Wednesday, November 30, 2022

Conservationist urges Mexico adopt ‘blue label’ standard to protect vaquita

A prominent Mexican conservationist has highlighted the importance of sustainable fishing to the ongoing survival of the vaquita marina, a critically endangered porpoise that is endemic to the upper Gulf of California.

Lorenzo Rojas-Bracho, director of the VaquitaCPR (Conservation, Protection and Recovery) Project, told the newspaper Zeta Tijuana that the Marine Stewardship Council’s blue label needs to be promoted in Mexico as part of measures to protect the vaquita, of which as few as nine are believed to remain.
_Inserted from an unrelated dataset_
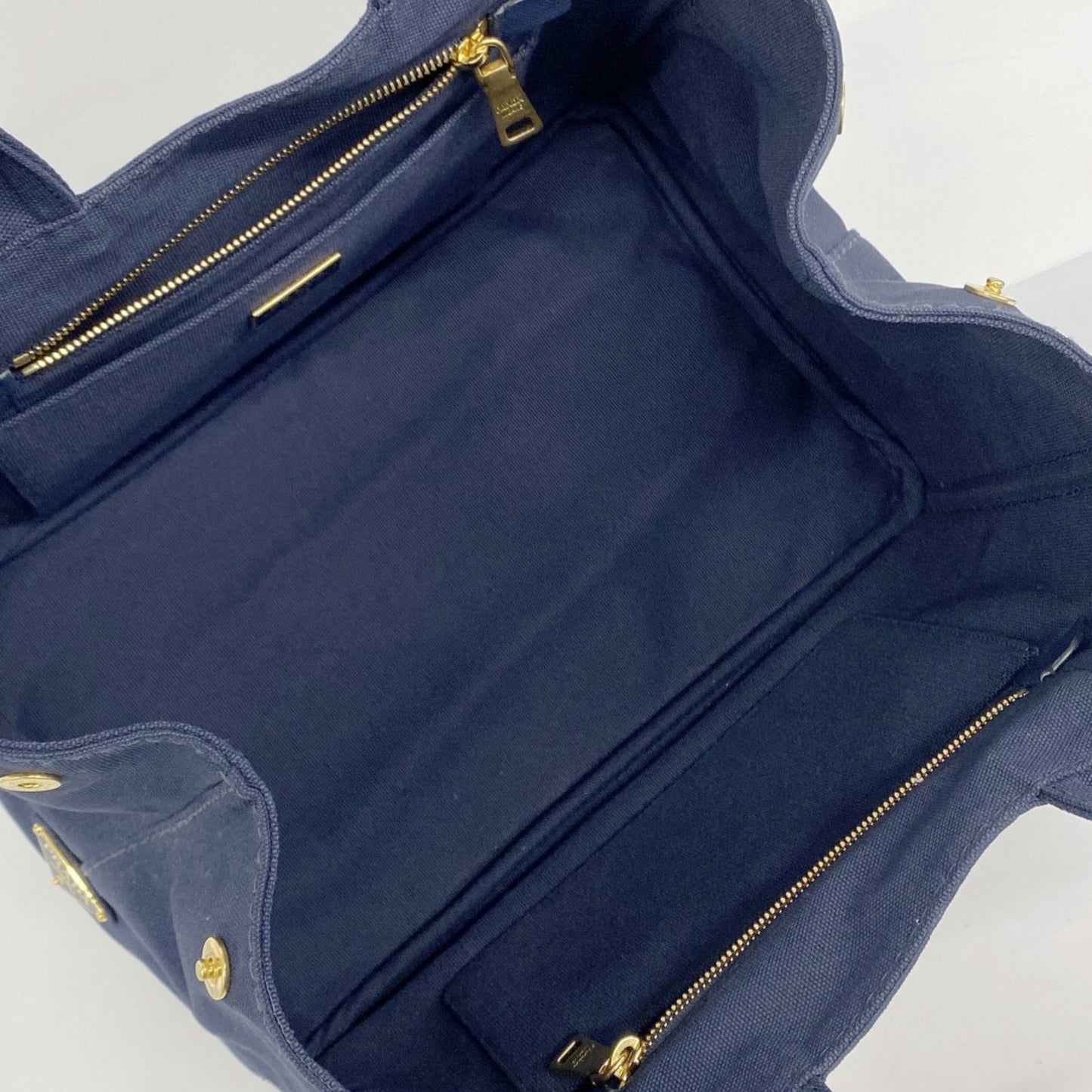 Prada Blue Canvas Canapa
“The blue MSC label is only applied to wild fish or seafood from fisheries that have been certified to the MSC Fisheries Standard, a set of requirements for sustainable fishing,” Marine Stewardship Council says on its website.
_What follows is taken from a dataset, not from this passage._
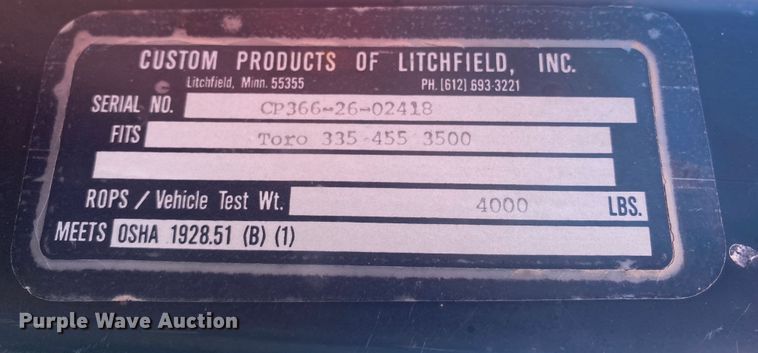 image for item DM8254 Toro Groundsmaster 455D  lawn mower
“… Sustainable seafood comes from fisheries that catch fish in ways that ensure the long-term health of a stock or species and the well-being of the ocean.”

This dead vaquita was recovered from the Gulf of California in 2018.
This dead vaquita was recovered from the Gulf of California in 2018.

Rojas-Bracho noted that vaquitas become entangled and die in gillnets used to catch both totoaba — a fish prized in China for its swim bladder — and shrimp.

If businesses such as supermarkets and restaurants only bought and sold blue label seafood, fishermen who want to sell their catch here would presumably be dissuaded from using such nets. Gillnets — which also entangle marine species such as sea turtles and small sharks — are already banned in the upper Gulf of California, but enforcement has been lax.

Rojas-Bracho observed that the “blue market” for sustainable seafood is already well developed in the United States and Europe. But the same can’t be said about Mexico.

However, the conservationist believes there is an opportunity to develop a sustainable seafood market that is a source of national pride. According to the Marine Stewardship Council,  four Mexican fisheries are already MSC certified: a red lobster fishery, two small open sea fisheries and a tuna fishery.

“The Mexican market is … increasingly interested in sustainable seafood products,” the non-profit organization says on its website.

“In collaboration with the Mexican campaign PescaConFuturo, the MSC has highlighted the importance of maintaining healthy fish stocks to guarantee food and economic security for future generations and to safeguard the natural wealth of the Mexican waters.”